Bevacizumab, Everolimus (RAD001), and Lapatinib as Neoadjuvant Chemotherapy Regimes for Primary Breast Cancer

Sponsor
GBG Forschungs GmbH
Study ID
NCT00567554
Phase
PHASE3
Status
Completed

Conditions

Eligibility Criteria

Sex
FEMALE
Age
18 Years - N/A
Healthy Volunteers
Not accepted

Interventions

  • epirubicin - cyclophosphamide / docetaxel — DRUG
  • epirubicin - cyclophosphamide / docetaxel + bevacizumab — DRUG
  • paclitaxel — DRUG
  • paclitaxel + everolimus (RAD001) — DRUG
  • epirubicin - cyclophosphamide / docetaxel + trastuzumab — DRUG
  • epirubicin - cyclophosphamide / docetaxel + lapatinib — DRUG

Study Details

Anthracycline-taxane based chemotherapy regimens are recommended mainly by current guidelines for neoadjuvant application of systemic treatment. The addition of other cytotoxic agents, e.g. antimetabolites, vincaalkaloids, or platinum salts resulted in marginal increase in efficacy, but was associated also with an increase in toxicity. Recently, only the addition of the Her-2 antibody trastuzumab has significantly improved pathologic response rate. Therefore, two major strategies are followed in current research projects: * To improve the selection of patients according to their tumors' sensitivity to chemotherapy. * To implement small molecules with specific mechanism of action. Within the GeparQuinto trial, the first strategy is followed by: * The PREDICT substudy. A gene signature specific for the response to anthracyclines and taxanes will be prospectively evaluated for its ability to identify patients with chance higher than 50% for a pCR. The results may leed to a better risk-benefit ratio for the use of conventional chemotherapy. * Adapting further chemotherapy to the response of the tumor to the first couple of chemotherapy cycles.

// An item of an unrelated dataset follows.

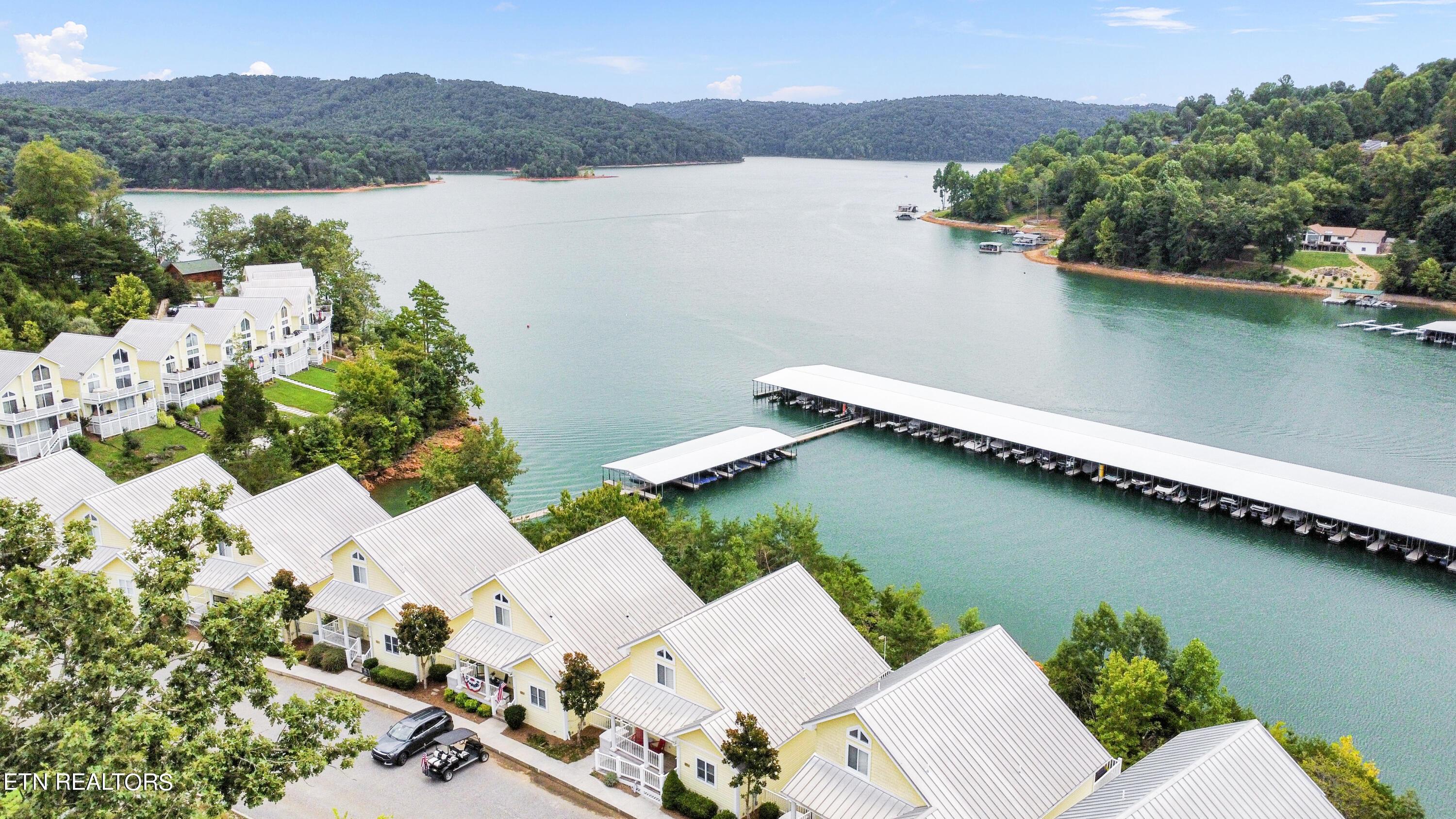 Norris Lake Real Estate - Image# 2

Based on the previous experience made by the GeparTrio study, patients not responding early have a low chance to respond with a pCR irrespective of the type of chemotherapy. So, if further chemotherapy is planned, therapy should be selected according to a favorable toxicity profile. The second strategy is followed by investigating in three parallel group comparisons the efficiency of three distinct small molecules which appear to be generally active in breast cancer: * Bevacizumab, an inhibitor of the VEGF pathway targeting tumor neo-angiogenesis. * Lapatinib, an inhibitor of the Her-1 and Her-2 receptor tyrosine kinase. * RAD001 (Everolimus), an inhibitor of the mTOR molecule, a central controller of tumor cell growth and angiogenesis and chemosensitizer. Treatment for patients participating in the GeparQuinto study will be allocated according to the Her-2 status of the tumor as well as according to the sonographic response after the first 4 cycles of treatment. Experimental therapy with bevacizumab, lapatinib, and everolimus (RAD001) will be randomly added in distinct settings.

Key Dates

Start date
Oct 31, 2007
Status verified
Feb 2016
Primary completion
Aug 31, 2011
Completion
Oct 31, 2015

Study Design

Enrollment
2,600 participants (actual)
Allocation
RANDOMIZED
Intervention model
PARALLEL
Primary purpose
TREATMENT

Arms

  • Experimental: 1
    EC-T
  • Experimental: 2
    EC-T +/- B
  • Experimental: 3
    Pw
  • Experimental: 4
    Pw + RAD001
  • Experimental: 5
    EC-T + H
  • Experimental: 6
    EC-T + L

Primary Outcome Measure

To compare the pCR rates of neoadjuvant treatment in all 3 Settings [ Time Frame: 2009 ]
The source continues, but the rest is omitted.